McLoone has gone from Boy Wonder to main man for Naomh Conaill
By John Harrington
It says a lot about Leo McLoone’s latent ability as a footballer that he made his senior club championship debut in a county final.
That was back in 2005 when his club Naomh Conaill won their first ever Donegal senior title.
“Came on as a sub just, aye”, recalls McLoone.
“It actually went to a replay too. I came on as a sub in the drawn game and it was just a bit of a crazy time looking back on as a 16-year-old being thrown in. It was a brilliant time at home.
“I think when you’re young you don’t realise or don’t understand I suppose how serious the thing is.

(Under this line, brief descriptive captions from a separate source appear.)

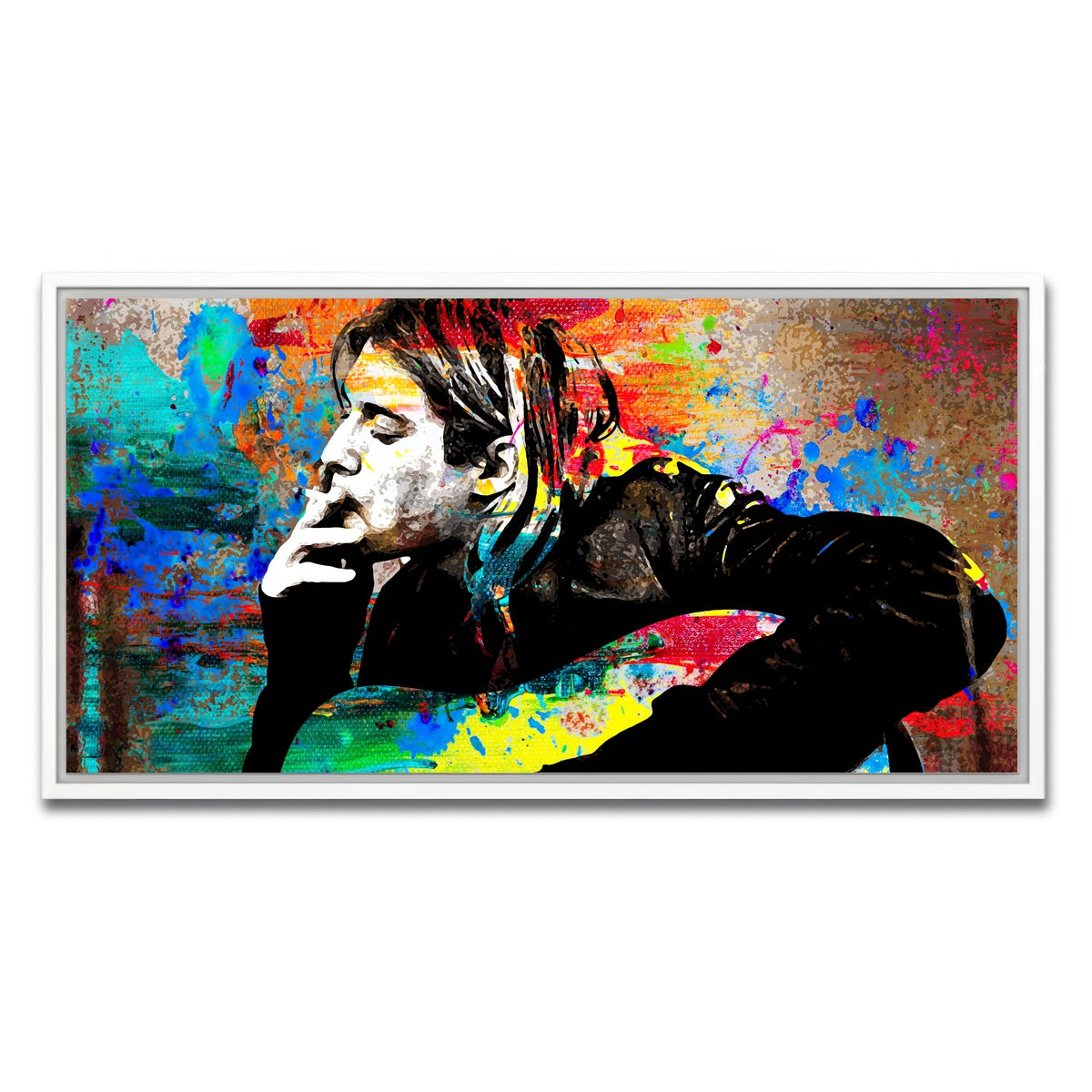 AUTO-MOCKUP WHITE | Kurt Cobain | 1 Piece | White Framed Canvas | group=2x1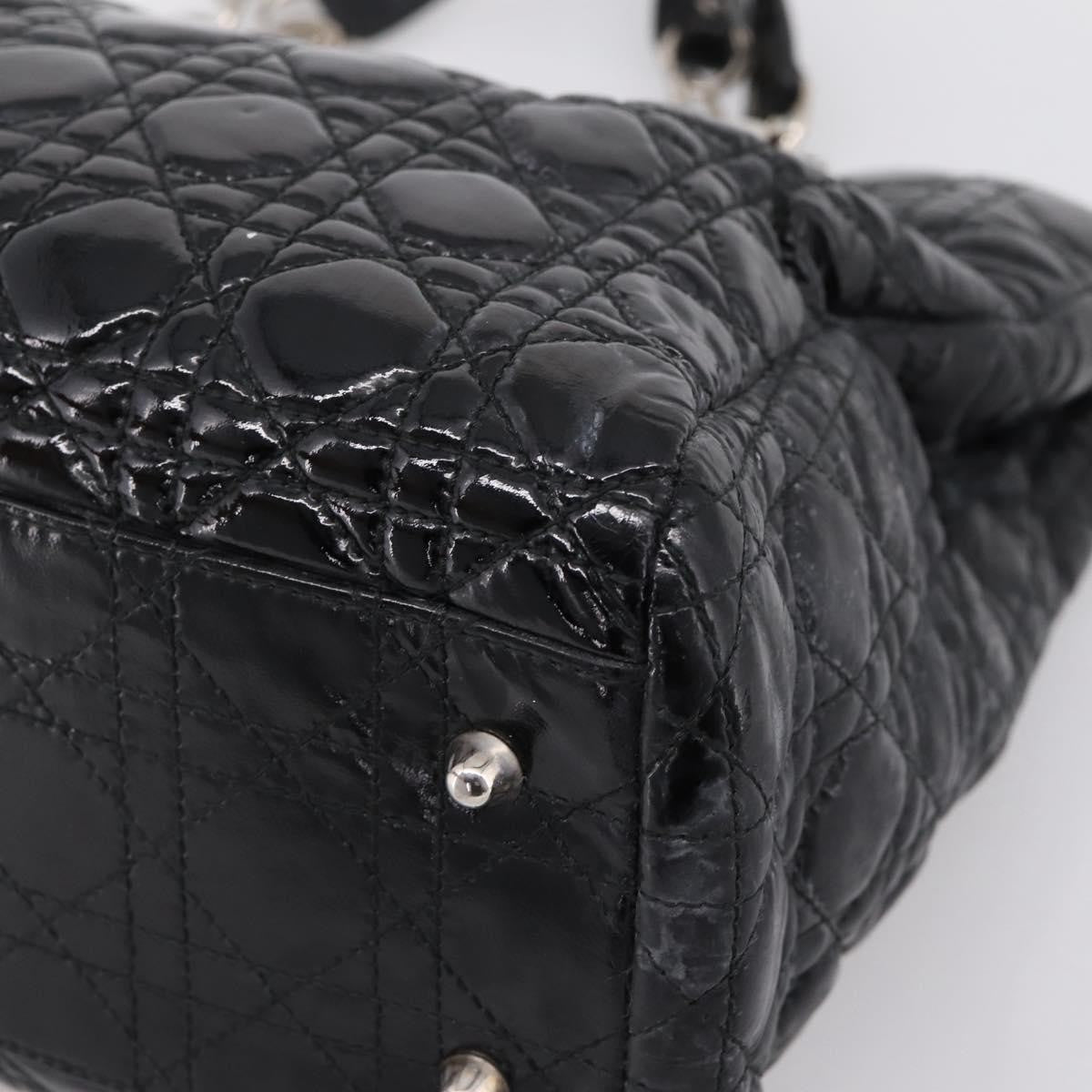 Christian Dior Soft Chain Cannage Quilt Patent, Black, Patent Leather, Tote Bag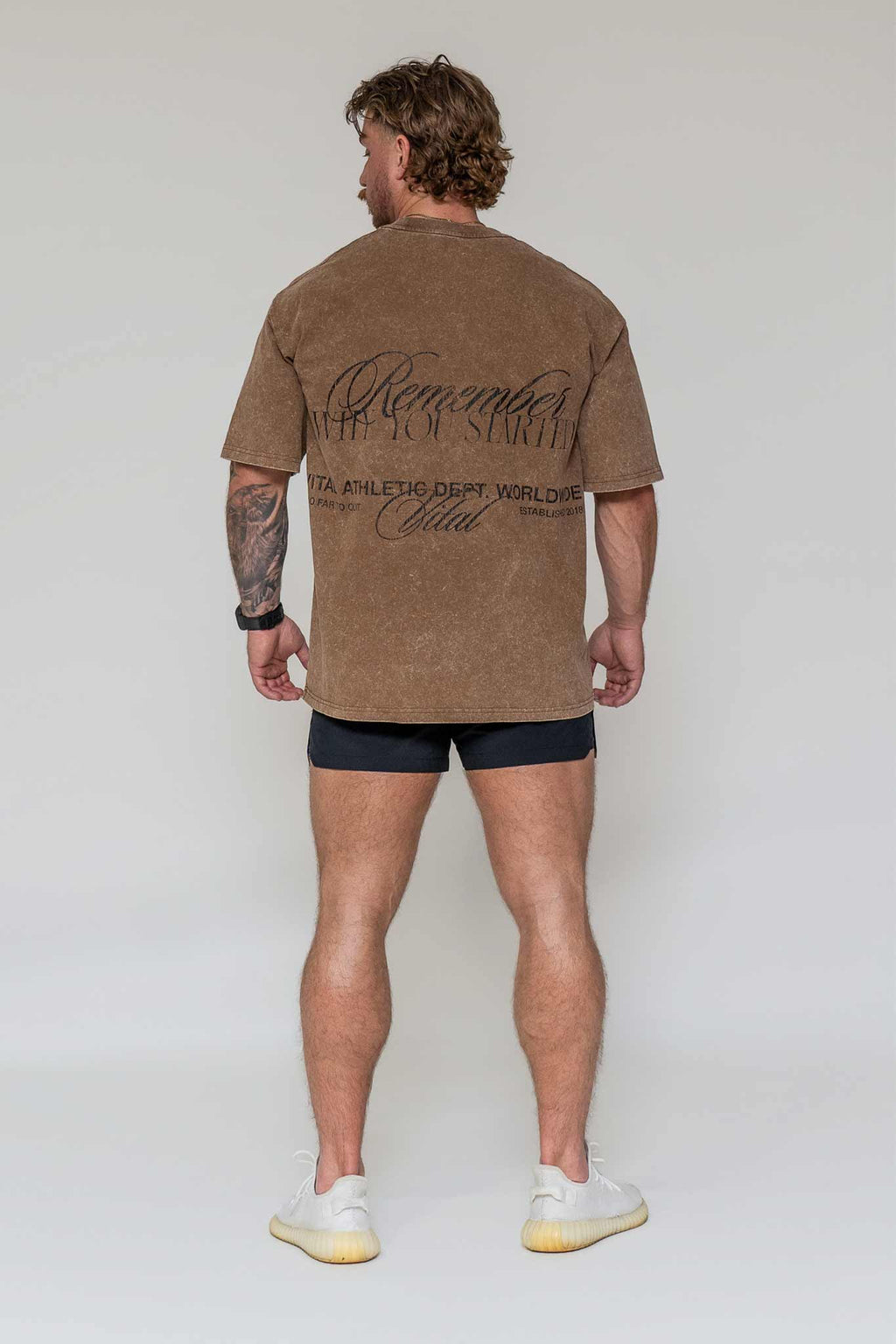 Oversized Pump Cover T-Shirt - Vintage Remember Why You Started Latte Acid T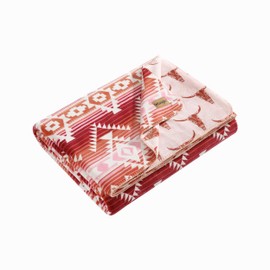 Wrangler - Blanket, Super Soft Reversible Bedding, Yellowstone Inspired, Western Home Essentials for Bed or Couch (Jericho Pink, Full/Queen)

“You’re young, you’re naive, you just go out and play football like but I can remember it just being a serious atmosphere there.
“It was a time we’ll not forget and it was nice to make my senior championship debut on county final day.”
Since winning his first county title in 2005, McLoone has won another three (2010, 2015, and 2019).
The one-time teenage debutant is now one of the most experienced and important cogs in the current Naomh Conaill machine.
“Aye well, I’m one of the elder statesmen anyway,” he says. “It’s been a long spell alright. I remember my first game in 2005.
“It was a league game in Ardara, I remember Jim McGuinness introducing me to the panel and saying ‘well done, it’s his first game for Naomh Conaill and he’ll be playing for the next 20 years’.
“And you’re thinking, ‘Holy God’. Laughing at him thinking that’s never going to happen but here we are now 14 years later I think since that and it’s been great to actually win 4 championships because there’s been a lot of great players that have come before me that hadn’t won a club championship.
“It’s been great to be on the winning side four times.”
You wouldn’t be surprised if the most recent one was the sweetest yet.
The county Final against Gaoth Dobhair went to two replays before Naomh Conaill eventually came out on top by a single point after another epic struggle.
"Between the finals, it was a nerve racking time, but it was also a great time from the club's behalf,” says McLoone.
"We played our second replay on a Sunday, and there was a bank holiday Monday then. We were in the water twice, we were in hydro pools, massages, meeting up like...
"It was kind of a special time really, the place was on a high. I suppose we kinda felt like we can win this too, at the same time.
"So we were nervous going into the finals, but there was also a lovely buzz looking back on it.
"It was an enjoyable time, as a team, being together. Life was on hold, really, for a few days.
"It was kinda crazy the way the games were being thrown on us. When you come out the other side of it, it leaves a nice taste."
Naomh Conaill had to play Castlerahan in the Ulster SFC quarter-final just three days after finally defeating Gaoth Dobhair in the second county final replay but still managed to come out on top by three points.
That achievement was a testament to the team’s character as much as its physical fitness.
“Well, to be honest, it's (the team’s character) grown over the past three years or even more,” says McLoone.
“We've got beat in two county championships previous to this. We would have come in for a lot of criticism from a lot of media and whatnot for the way we play and for different things.
“We got a lot of motivation for that. Things were said like, 'We're going to make it three-in-a-row of defeats in county titles'. All that stacks up in players' heads. It was a case where we didn't want to let it slip this time and we weren't going to without a fight.
“Overall, what's really important for us this year is that some of our younger players have stepped up. Ciaran Thompson has come out and led our team in nearly every game we've played. He's captain and has led the team in almost every game throughout.
“He's brought a cohort of younger players with him. I don't want to name names because I'll miss a few. Some fellas have come in this year and given everything. They put their lives on hold. There's boys up here [in Dublin] in college who'd be travelling home for games and whatnot, training sessions.
“A team is a team but overall, in the past couple of years, the younger players have really stepped up. They've helped us immensely.”
That quarter-final victory over Castlerahan was followed by another hard-fought win over Clontibret in the Ulster SFC semi-final.
Next up on Sunday are Down champions Kilcoo in the Ulster Final as Naomh Conaill bid to win the provincial title for the first time ever.
“We haven't crossed paths at senior level at all,” says McLoone of Kilcoo.
“I know they've had a lot of success at senior level in their county and the Ulster Championship - they've been to a lot of Ulster finals.
“They're well experienced and they have a lot of good players. Overall, we're just focusing on ourselves and our own game, bringing what we can to the table, giving everything we have. We're just hoping that will be enough on the day.”